Грибоедов ответил, что генерал Ермолов так же, как и нынешний главнокомандующий, наблюдал пользу государства и что можно к одной и той же цели идти различными путями.
Аудиенция кончилась в три часа пополудни, и Грибоедов, приняв от Аббаса-Мирзы письмо на имя Паскевича, в тот же день выехал из персидского лагеря, окончательно убедившись, что все рассуждения о перемирии были простой проволочкой, желанием затянуть время и хотя на несколько лишних дней остановить успехи русского оружия. Грибоедов оставил Чорсский лагерь, однако же, под впечатлением, что неприятель войны не желает, что она для него и страшна, и тягостна, что от постоянных неудач персияне пали духом, и все недовольны. Мирза-Мамед-Али говорил ему, что шахское войско наводит гораздо более трепета на жителей, нежели русские, что в виде подати на Хойскую провинцию .наложена доставка двенадцати тысяч халваров хлеба, и шах велел платить по туману за халвар, тогда как он продается по пяти между народом. И несмотря на все это, как стороной узнал Грибоедов, персидские войска готовились к нападению на Аббас-Абад. Дело в том, что военные предприятия были необходимы персиянам; иначе, оставался в бездействии, не видя случаев к грабежам и только испытывая всякого рода лишения,– войска Персии разбежались бы сами собой.

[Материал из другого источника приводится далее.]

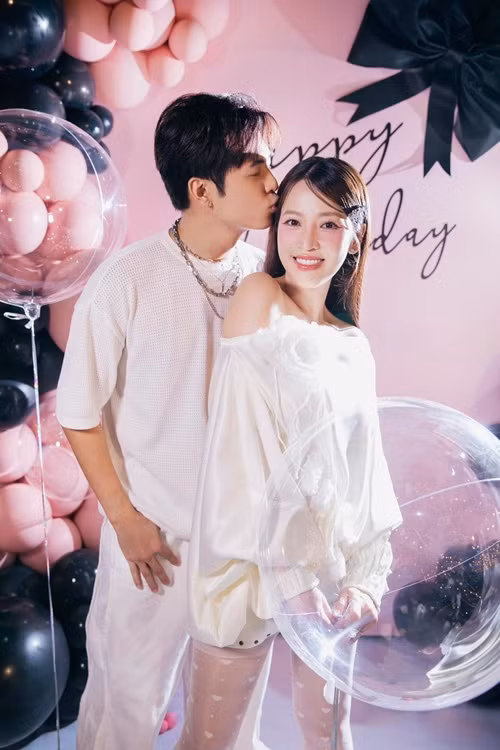 Đôi vợ chồng son tận hưởng cuộc sống ngọt ngào trong 1 năm qua. Ảnh: FB Puka.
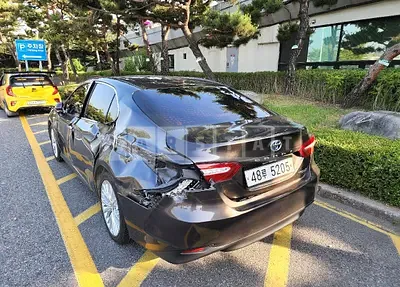 Photo 1 of 11: 2018 Toyota Camry Hybrid, VIN JTNB21HKXJ3005622 — Korean insurance auction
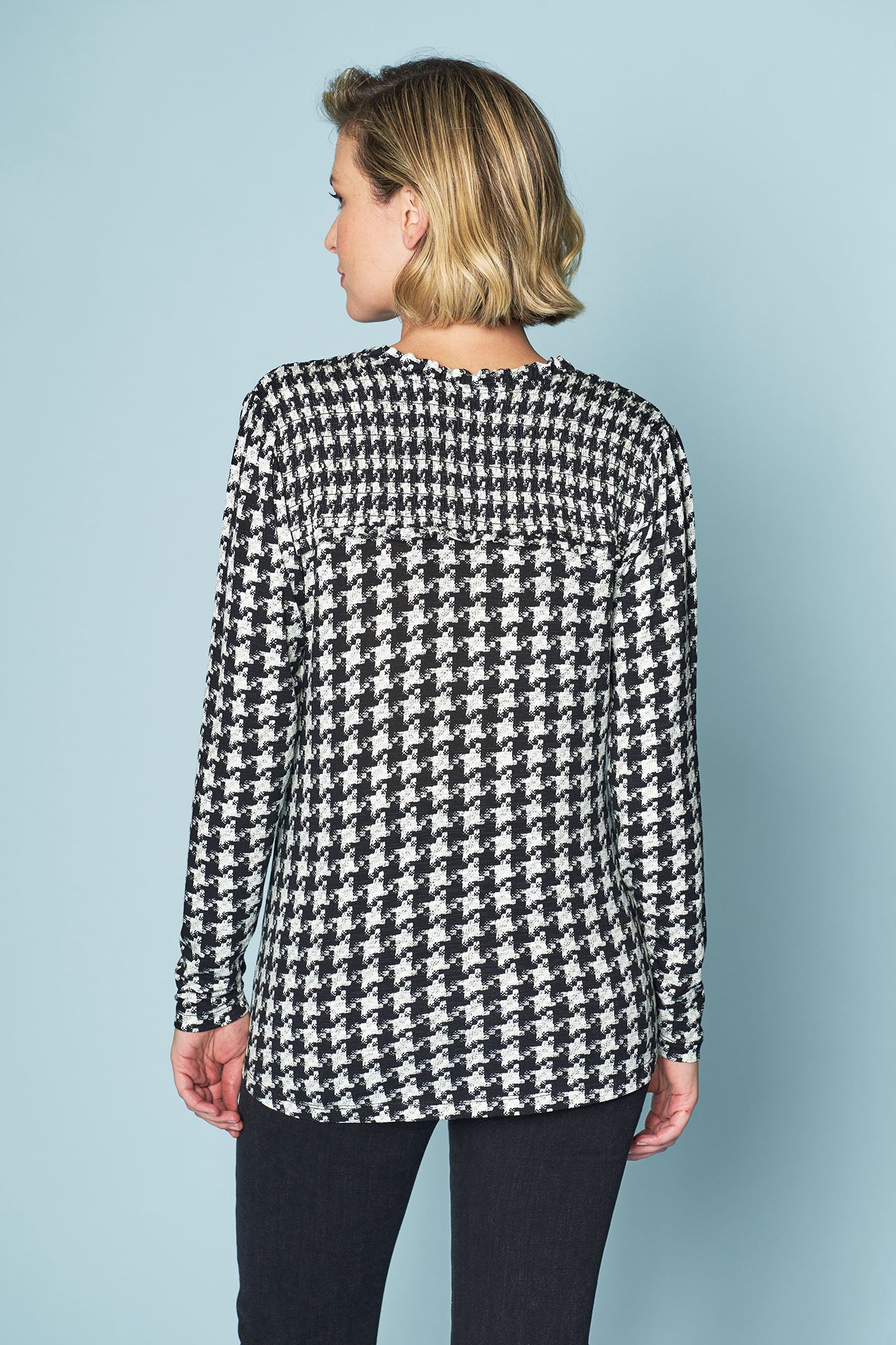 Stylish Printed Shirred Top with Houndstooth Pattern - Perfect for Casual Outings, Office Wear & Date Nights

XXII. ПОХОДНЫЙ АТАМАН ИЛОВАЙСКИЙ
Походный атаман донских казачьих полков на Кавказе, генерал-лейтенант Василий Дмитриевич Иловайский, участвовавший в Джеванбулакском бою, был одной из замечательнейших личностей, выдвинувшихся в предыдущую эпоху великих европейских войн. Как ни было незначительно его личное участие в походах Паскевича, но то влияние, которое он имел на донцов как ветеран наполеоновских войн и как один из лучших представителей казачьей славы,– доставляло ему не только первенствующее место среди генералов, окружавших главнокомандующего, но и весьма деятельную, хотя и не бросающуюся в глаза роль в тогдашних событиях. Фамилия Иловайских пользовалась на Дону уже давно всеобщей и заслуженной известностью. Прадед Василия Дмитриевича, Мокей Осипович, уже жалован золотым ковшом с царским гербом, а дед его, Иван Мокеевич, сделался даже легендарной личностью вследствие одного обстоятельства, о котором семейная хроника Иловайских рассказывает следующее.
В царствование Екатерины II, Иван Мокеевич, будучи войсковым старшиной, ходил с полком на Кубань и там, в одной из схваток с черкесами, был взят в плен и продан в Снеговые горы. Ни увещания, ни угрозы горцев не могли склонить его к перемене веры и к женитьбе на черкешенке. Два раза пытался он оттуда бежать, и оба раза неудачно: горцы его ловили. И так как с каждым разом житье его становилось все хуже и хуже, то он наконец примирился со своей судьбой и перестал мечтать о возвращении на родину. Так прошло семь лет. Однажды, это было в августе, накануне праздника явленного образа Костромской Божьей Матери,– заснул он подле стала, которое пас, и вот, в сонном видении, предстала перед ним Богоматерь, которая вручила ему свой тропарь и благословила его возвратиться на родину.